Das liest man jetzt auf allen U-Bahn-Reklameflächen: „Contact Aliens“. Ein paar dümmlich dreinblickende Jugendliche erwarten jeden Moment den Kontakt mit Fremden. Obwohl sie nicht fröhlich sind, soll das Ganze doch ein äußerst fremdenfreundliches Anliegen vermitteln.

Dabei ist es genau umgekehrt – hier und jetzt in Berlin jedenfalls: Dümmlich ausschauende junge Touristen kontaktieren – uns!!! „Where was the wall, s’il vous plait?!“ ist dabei zum Beispiel einer ihrer Lieblingskontaktversuchssätze in Mitte. Und dann tun sie immer so, als wollten sie unbedingt wissen, wo sie sich gerade befinden – „im Osten oder im Westen?“. Ein andere blöde Frage – auf dem Boulevard Unter den Linden – lautet: „Who was Linden?“

Dass es sich um Touristen handelt, erkennt man schon von weitem daran, dass die Frager alle Plastikflaschen mit Wasser in der Hand halten und daraus alle paar Augenblicke einen Schluck nehmen. Dann schrauben sie die pisswarme Flasche wieder zu, schlucken bedächtig und fixieren wie nebenbei die Umgebung. So wie unsereins sich ständig Zigaretten dreht und dann und wann daran nuckelt . . .

Der Gießener Ethnopsychiater und Tourismusforscher Dr. Salm-Schwader vermutet, dass die Wasserflaschen – mit denen hauptsächlich junge angloamerikanische sowie chinojapanische Mittelschichttouristinnen, aber mehr und mehr auch die durch und durch amerikanisierten westeuropäischen Kurzurlauberinnen bewaffnet sind, einen Abwehrzauber gegen männliche Belästigung darstellen: „Tut mir nichts, ich bin eine harmlose, dazu noch fast minderjährige Ausländerin und trinke nur Wasser!“ Und das Merkwürdige sei, so Salm-Schwader, dass dieser Zauber auch funktioniere. Nachweislich seien mit Wasserflaschen ausgerüstete Touristinnen bis zu 60 Prozent weniger gefährdet als Mädchen ohne. Wobei die Dunkelziffer jedoch enorm hoch sei, denn immer mehr deutsche Mädels täten so, als seien sie Fremde – und griffen ebenfalls zu solchen unsportlichen Wasserflaschen, wenn sie aus dem Haus gingen. Gleiches gelte auch für viele junge Russinnen, die sich jedoch vorher Wodka in die Plastikflaschen füllten.

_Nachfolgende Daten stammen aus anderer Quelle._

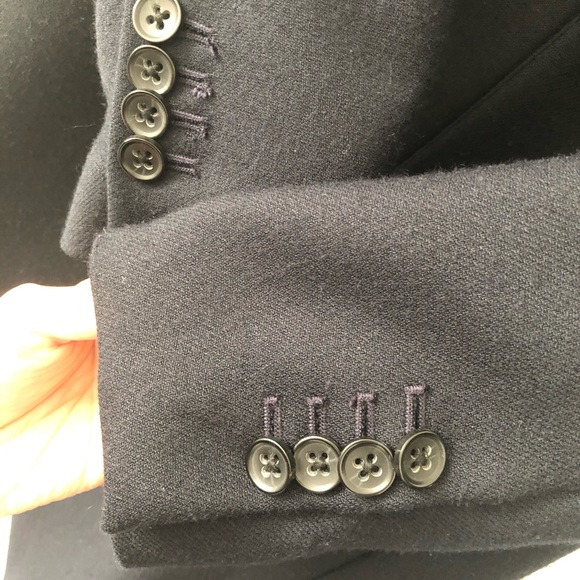 Asobio Navi Blue Wool Slim Coat - Picture 7 of 12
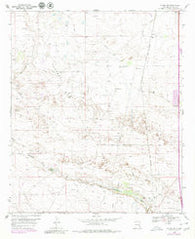 Hobbs SW New Mexico Historical topographic map, 1:24000 scale, 7.5 X 7.5 Minute, Year 1969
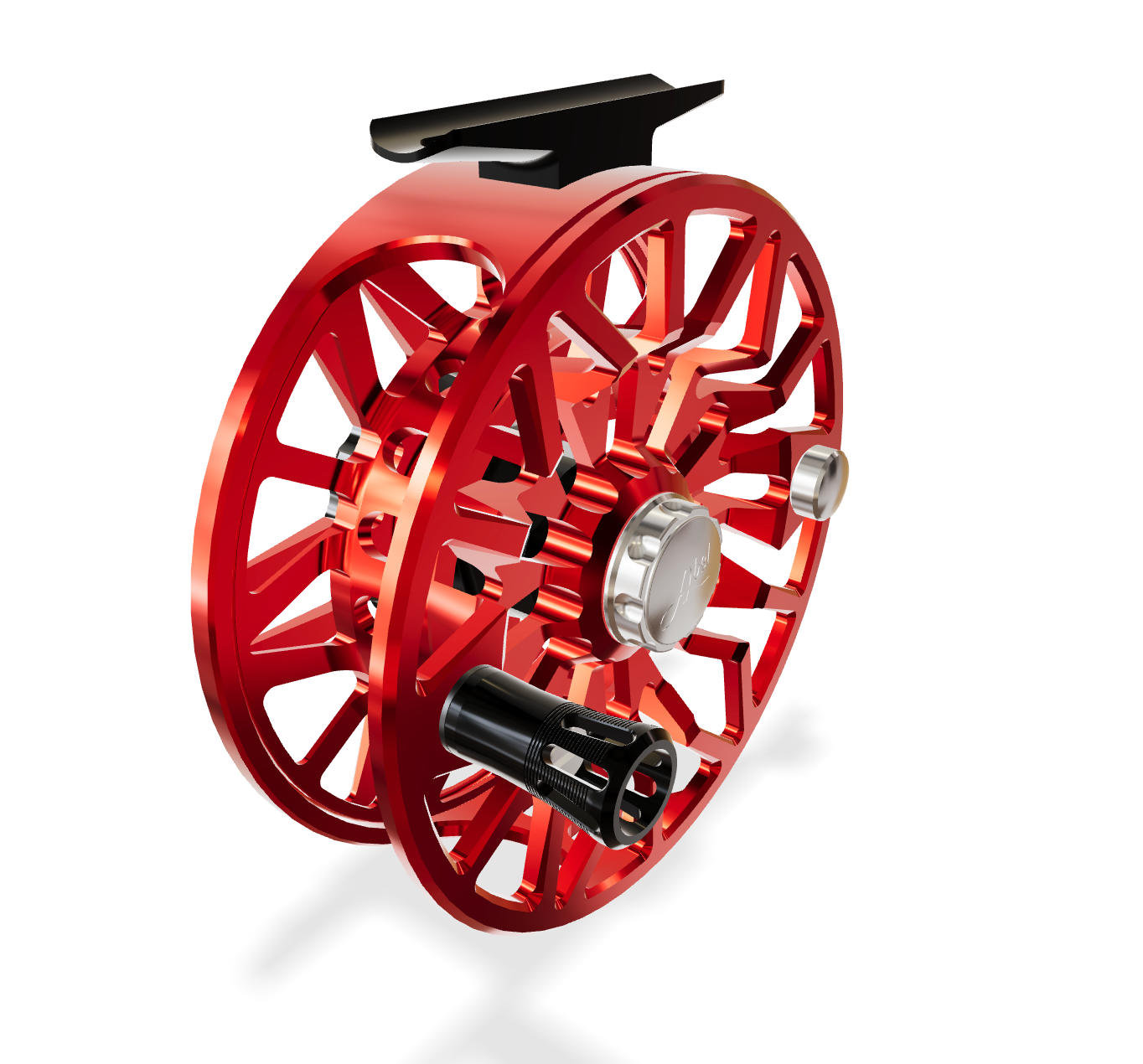Abel SDS 9/10 Red (Black Knob, Black Handle) Reel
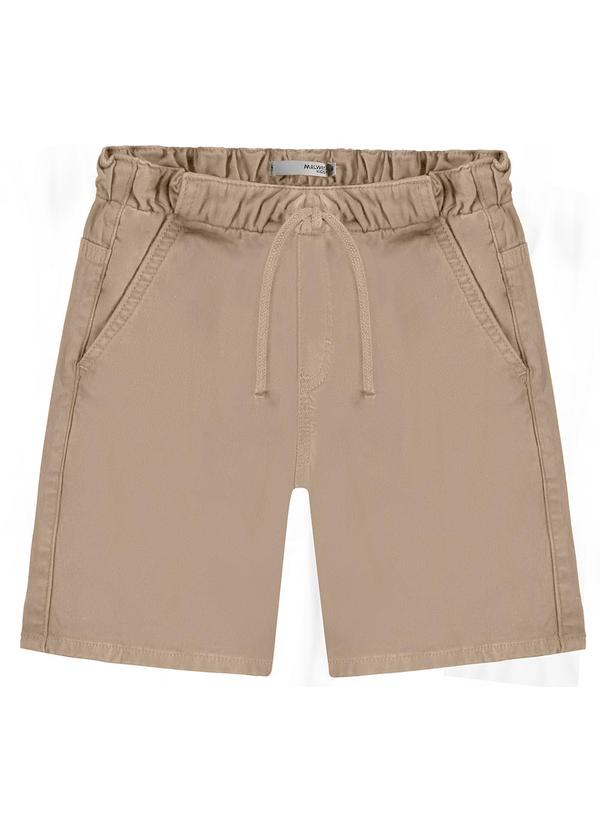 Malwee Kids - Bermuda Tradicional em Sarja Marrom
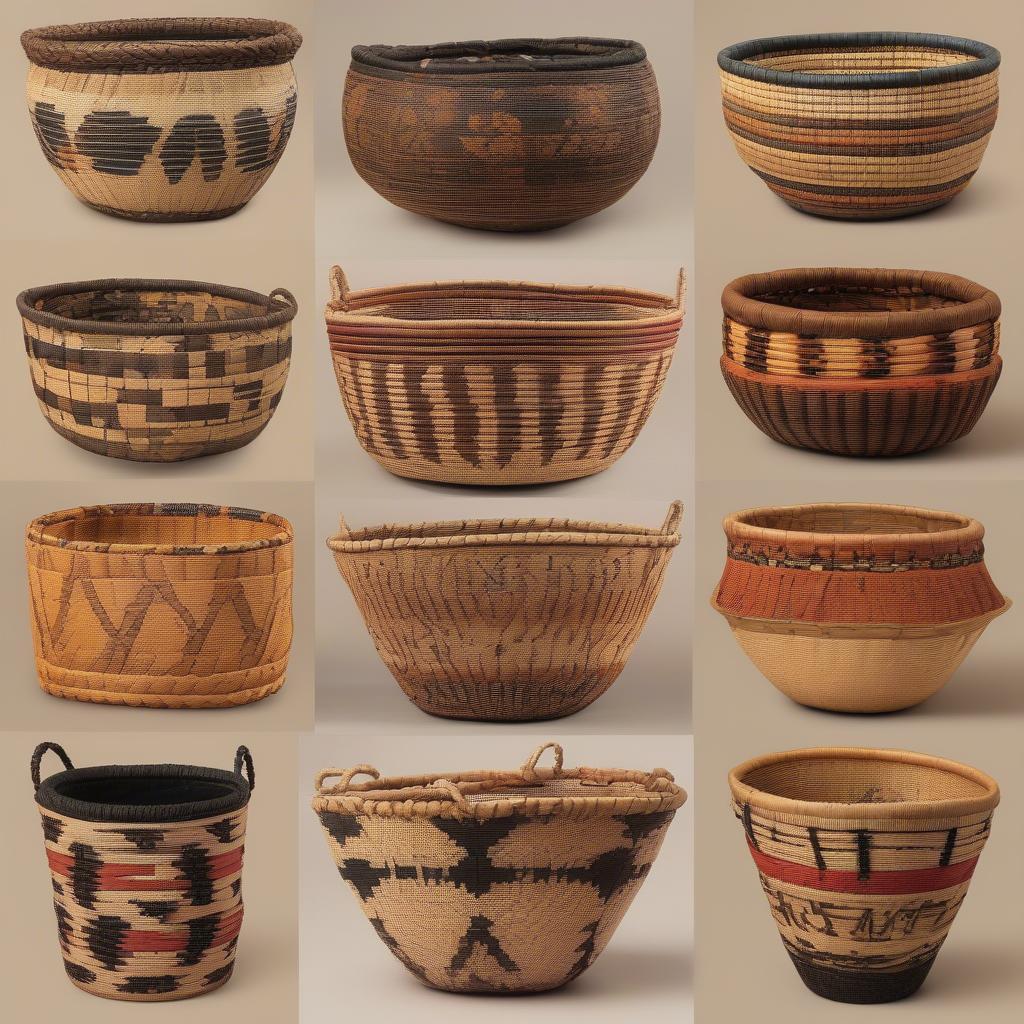 Native American Basket Regional Variations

Wenn das stimmt, dann haben wir es hierbei mit einer ähnlichen Mittel-Zweck-Umdrehung zu tun wie weiland bei der Zahnspange. Diese sollte ursprünglich durch das Verklammern der Gebisse von Pubertierenden diese von allzu frühen Sexualkontakten abhalten, indem sie ihre Träger verhässlichte. Irgendwann gelang es jedoch den Teenagern, dies elterliche Gewaltmittel in ein geiles, respektive cooles Statussymbol umzudrehen – und fortan waren Zahnspangenträgerinnen sexuell besonders gefährdet – bis zu 48 Prozent mehr als Mädchen ohne, die nun geradezu ein Mauerblümchendasein führen.

Die „Wasserflasche für unterwegs“ wurde 1991 vom kalifornischen Homöopathen Daniel Raumer erfunden, indem er sich auf die Propagierung eines einzigen „Mainhealth“-Gedankens konzentrierte – als Allheilmittel. Auf das Wasser: „Der Körper braucht ständig Wasser“, so behauptete und verbreitete er es – bald auf allen Plakaten an den Highways bis rauf nach New York. „Milliarden Menschen sagen danke, Dr. Raumer!“

So ähnlich formulierte später dann auch ein Dr. Rath seine etwas kleinere Vitamin-C-Werbekampagne in der BRD, nachdem dieses Zeug sich in Amerika bereits als nahezu nebenwirkungslose „Droge Nummer 1“ durchgesetzt hatte. Reifere Amerikanerinnen gehen inzwischen schon mit bis zu 26 Vitaminpräparaten overseas. Aber seitdem sind reines Wasser und Vitamin C die Wunderwaffen schlechthin für alle jungen Touristinnen im feindlichen Ausland – angefangen mit den kalifornischen Teenagern auf großer Europatournee: „12 Länder in drei Wochen, inklusive Krakau“.